I really feel like sitting a crying :(

We made a choice to stay team yellow but today my sister has found out she is team pink :( I've devastated even though it's the first niece on my side of the family I can't even bare to congratulate her right now.

We don't know what were having and we too could be team pink but today it hit me just how much I want a daughter and OH has admitted his devastation in finding out their having a girl too.

We have both said all along that were not bothered etc but the truth be known we both long for a girl and I'm not sure how we'll react if it's a boy.

He's getting himself worked right up at not being able to love a son as much as he would a daughter.

As awful as it sounds I desperately wanted her to have a boy or for them not to find out the sex. I'm devastated that they are getting all the lime light because there having a girl which both families desperately wanted. Now I feel that my baby no matter whether it's a boy or girl will be pushed out :( 

Sorry to vent on here ladies but everytime I even think about her having a daughter the tears start.

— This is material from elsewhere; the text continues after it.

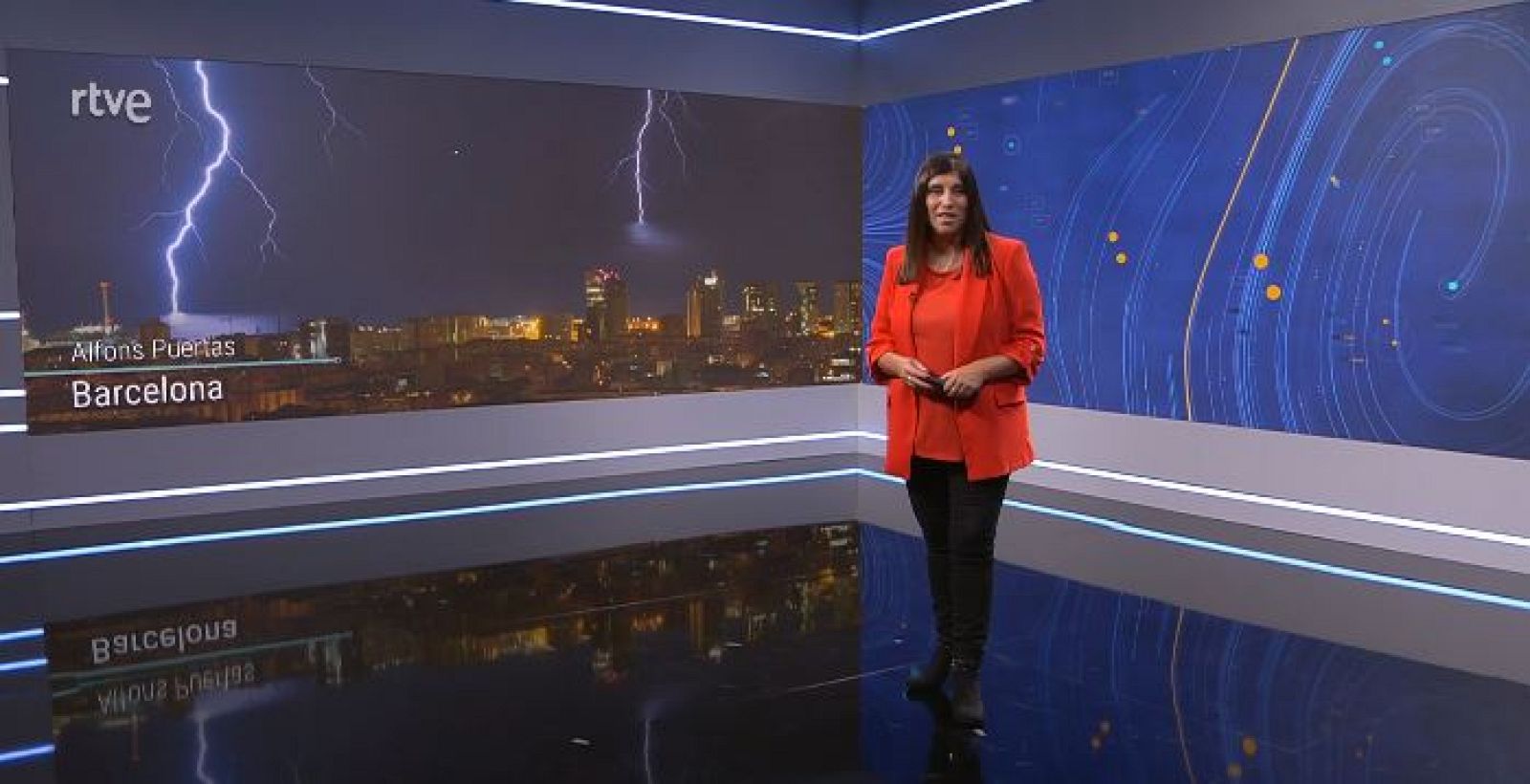 El Temps (13/09/2023) - Matins de sol. Tardes de ruixats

In my opinion she only got pregnant because all her firends were - childish I know but she seemed to fall pregnant instantly and it took us 8 months to concieve etc. 

I know we are having this baby for all the right reasons etc and I really wish I could help how I feel. Never thought I would be the jealous type :( 

Thank you for reading this


----------



## MeAndMyShadow

sending hugs to you honey xx


----------



## skunkpixie

*Hugs*. I think that its a good thing that you have stayed team yellow. Im certain that when baby is born you will be so happy that you wont mind if you have a boy or a girl. xxx


----------



## pinkribbon

Admittedly I'm feeling a tinge of jealousy at those who've just had baby girls or are pregnant with baby girls so to have someone in your family announcing must be hard. 

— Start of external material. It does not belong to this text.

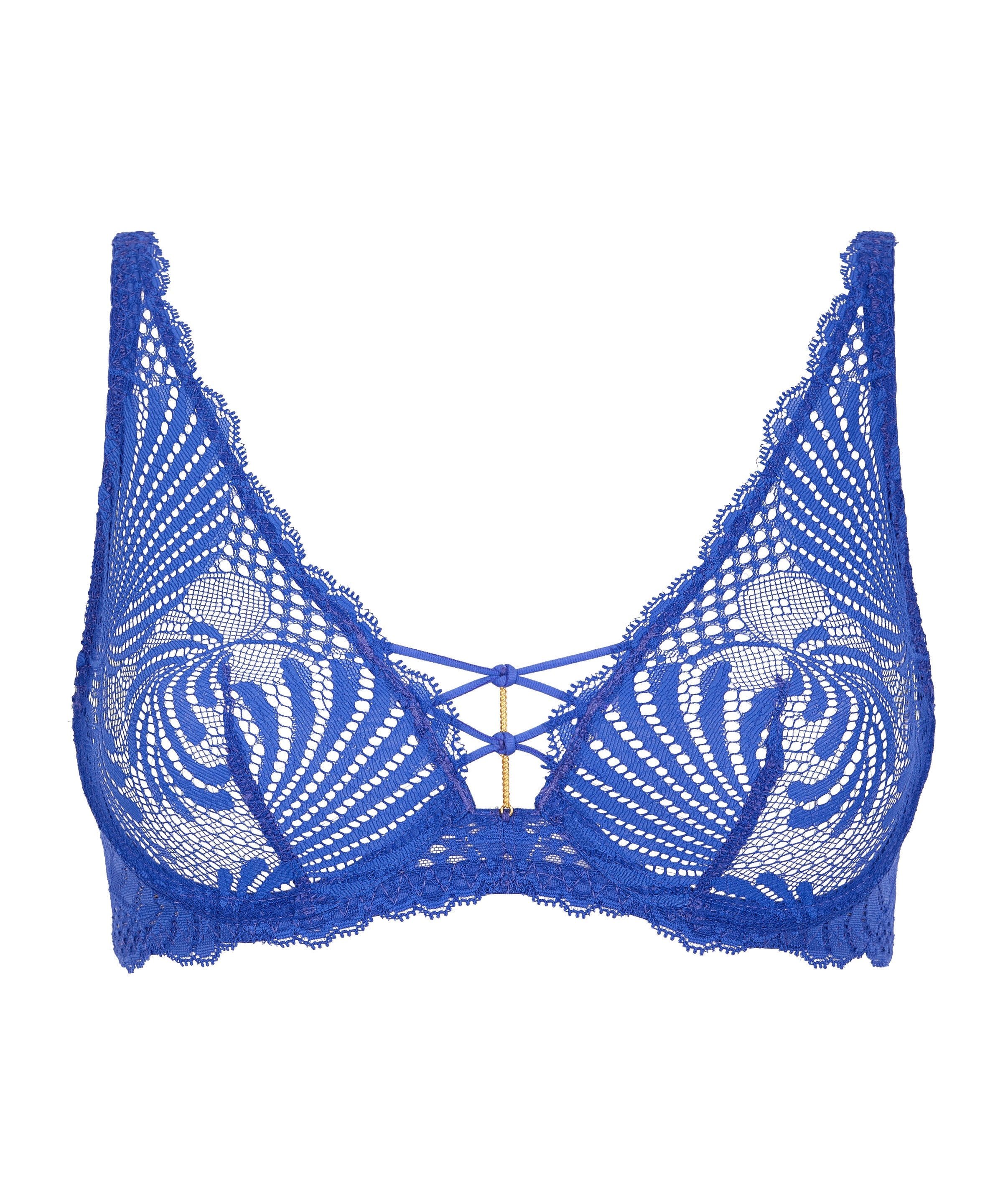 Rythm of Desire Soutien-gorge triangle avec armatures Cyclades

I agree with skunkpixie though, staying team yellow may be a blessing in disguise for you both. :hugs:


----------



## pixeldust

Trust me when I say it'll all fade away when your baby is born, whether it's a girl or a boy.

Everyone I knew was "team pink" when I was pregnant, I was literally the only one having a boy, and I was SO jealous. I couldn't bear to congratulate them. I was just so envious that they got to have girls and I was having another boy.

But when our babies were born... the jealously just faded away. My boy who I wondered if I would ever love has been the apple of my eye from the moment he was born, I've never loved or felt so protective towards anything in my entire life (including my first son!). I see photos of my friends daughters... and they do nothing for me! I get the very rare pang of regret if they are wearing a particularly cute outfit, but then I look at my absurdly adorable boy and I wouldn't trade him for all the pink in the world.

(Plus all it takes is hearing stories from friends about their precocious, catty pre-teen daughters to make me even gladder!)


----------